In describing the school as a community, María José connects the materiality of the school to its embodied geography—the school serves as a space for gathering, for mobilizing, for forming political subjectivities and a broader movement. The materiality of the school is mobilized to generate affective labor, to cultivate and encourage embodied experiences, wishes, and passions as a way of mobilizing people. This insight adds two crucial elements to theorizing a political ecology of education framework. First, one must consider affective and embodied relations as part of an analysis of the politics of knowledge. Schools are spaces of formação, of training and development, but in visceral registers that we are only starting to gain awareness of. Second, educational spaces, which are processual, can only be transformed, never truly negated—as they continue to exist in memory and community. This second insight emerged from listening to Genilda, another MST educator in the community, who underscored the symbolic importance of María José’s point, describing that:

When they took away the school, and one could no longer study there, well, we didn’t abandon our principles. We didn’t abandon the building. The building continued to be an annoyance for them. What they want is for us to work, and for us to live, but just to survive, and only to learn in order to work, right? But what we want is for people to see themselves as subjects of their own history, to actually be protagonists. To be people that belong to the place.
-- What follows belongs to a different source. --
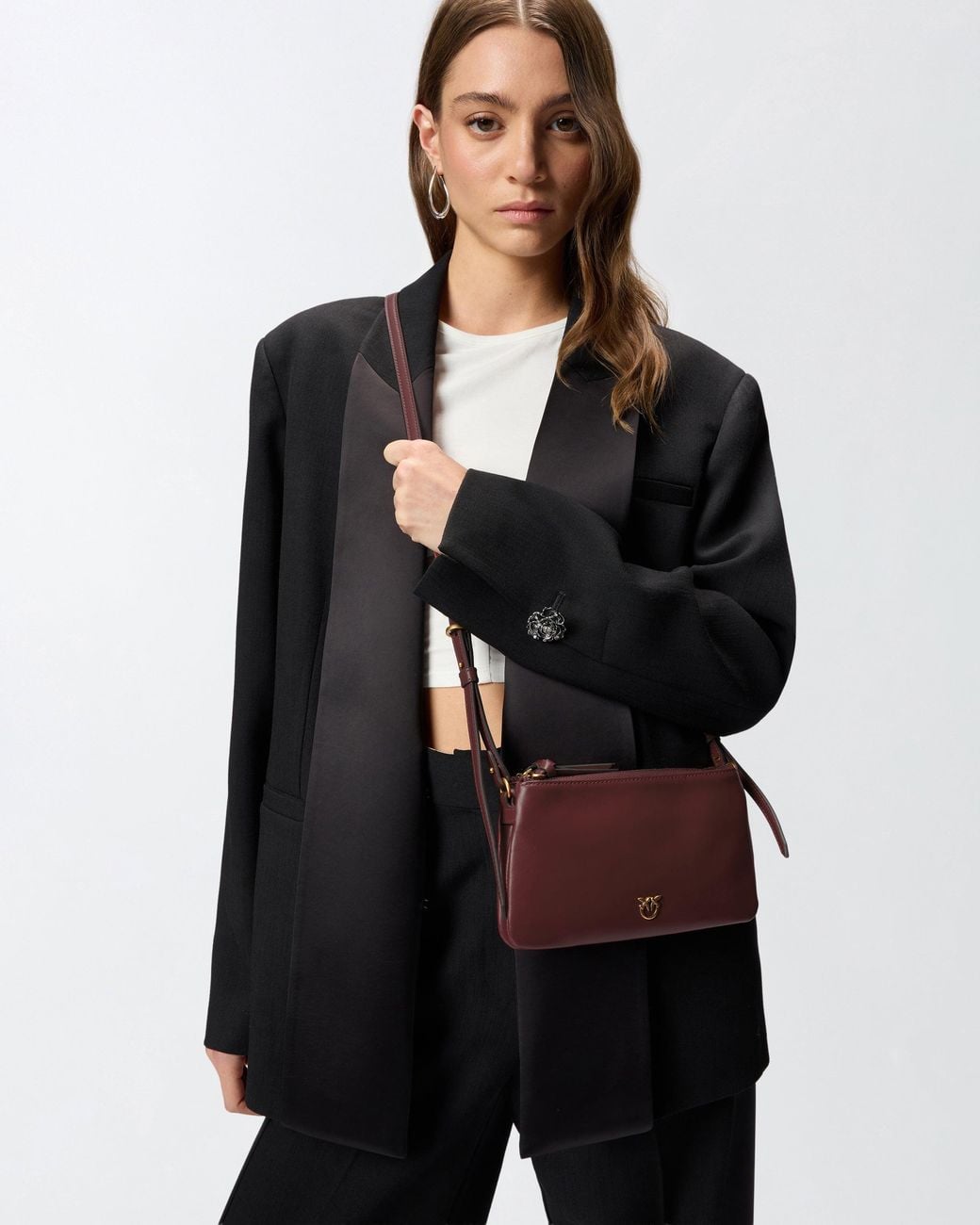 Pinko Brown Leather Mini Double Bag With Shoulder Strap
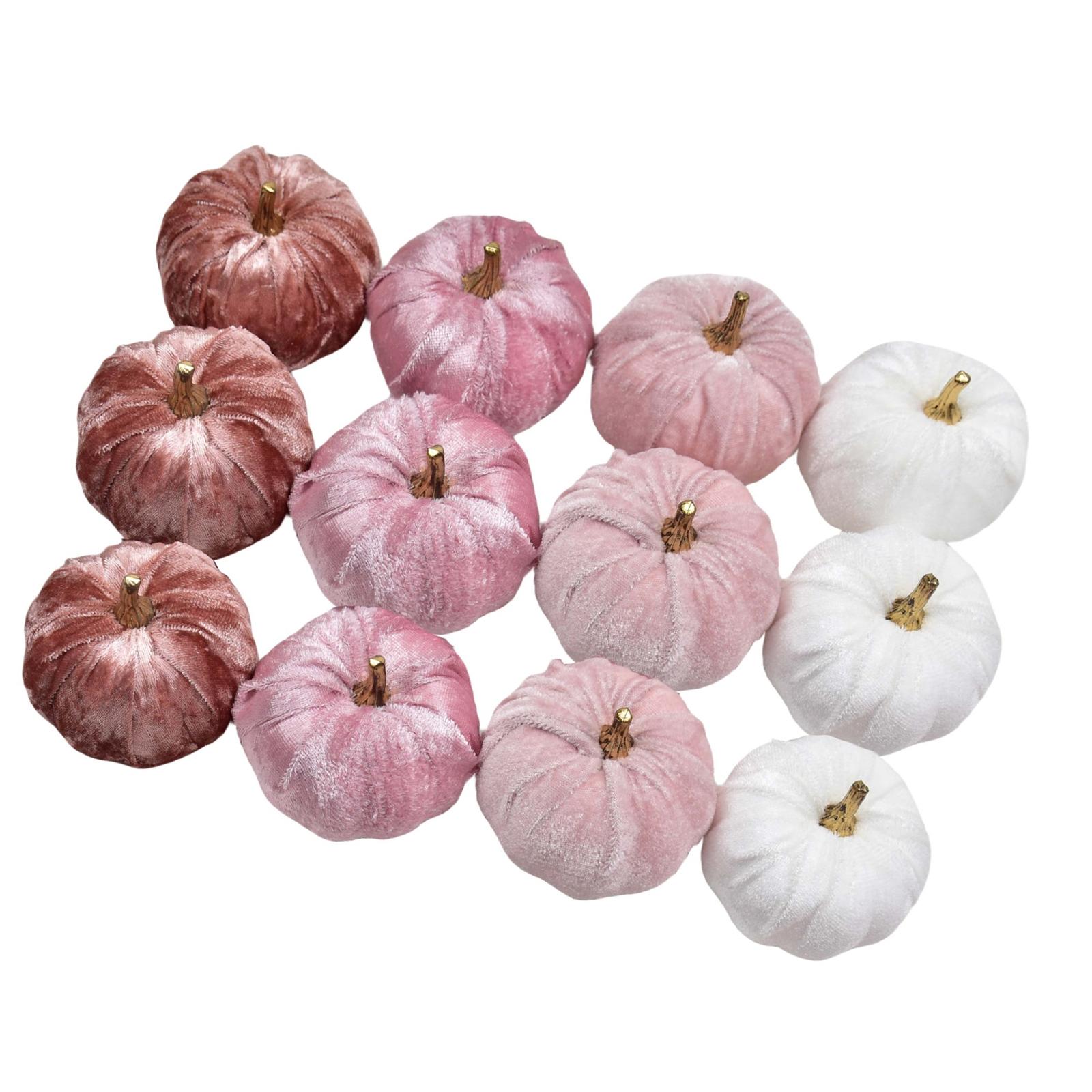 

12pcs Decorative Velvets Pumpkin Set For Halloween Thanksgiving Home Party Lightweight Artificial Vegetables Decoration A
Here, Genilda leans into the deeper and contested meaning of the school; parodying the state’s perspective, she describes the purported value of education as being confined to social reproduction—education is valuable in producing laborers who exist at the level of pure survival. But from the MST’s perspective, true education is about formação, it is from a Freirean sense a process of generating critical consciousness of one’s agentive capacity, one’s ability to act as a political subject, and to understand and make history.

Through all of these struggles, the community has made major inroads in materializing its affective vision. As María José reflects,

This is what we’ve been dreaming of; we have a building that is basically completed, where we can welcome visiting professors, we have a dormitory; we have a kitchen that we’ve been using, we’re going to start hosting adult literacy classes this month. It won’t be just a school for standard study, sure we’ll learn the alphabet, we’ll learn mathematics, English, Portuguese, those sorts of topics. But, this school will be a school for life. We’ll use it for movement meetings, for workshops, for courses and so we’ve been holding meetings in the space, the health sector is already utilizing the space.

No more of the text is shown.